**Dataset content**
•••••

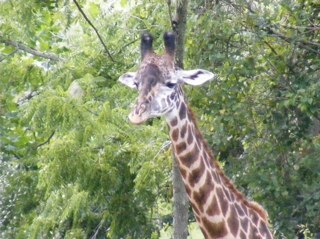 dumbblond57's profile picture. 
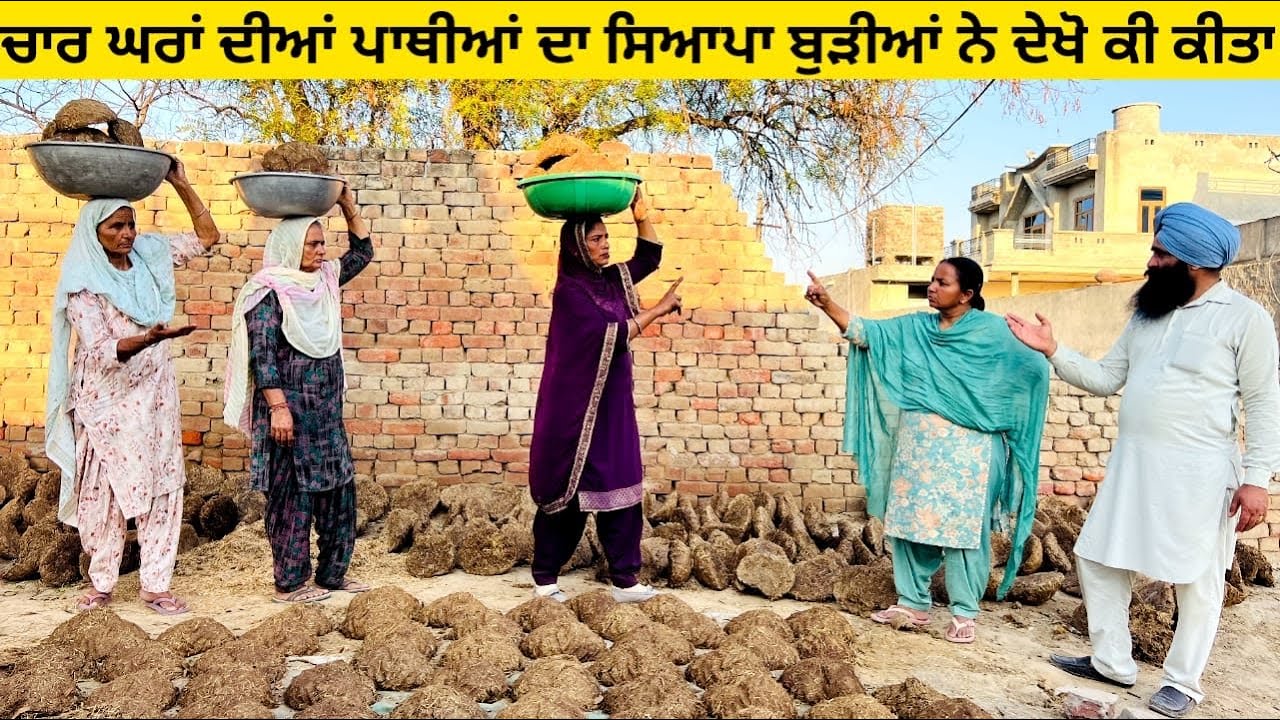 ਚਾਰ ਘਰਾਂ ਦੀਆਂ ਪਾਥੀਆਂ ਦਾ ਸਿਆਪਾ ਬੁੜੀਆਂ ਨੇ ਦੇਖੋ ਕੀ ਕੀਤਾ Pathian da syapa punjabi short video #pathian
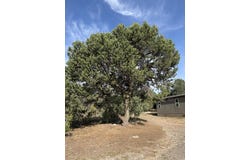 45 Holli Loop, Edgewood, NM 87015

•••••

**Task directions**
The copy must match the listing above exactly but contain no pictures.

**Response for this exercise**
 dumbblond57's profile picture. 
 ਚਾਰ ਘਰਾਂ ਦੀਆਂ ਪਾਥੀਆਂ ਦਾ ਸਿਆਪਾ ਬੁੜੀਆਂ ਨੇ ਦੇਖੋ ਕੀ ਕੀਤਾ Pathian da syapa punjabi short video #pathian
 45 Holli Loop, Edgewood, NM 87015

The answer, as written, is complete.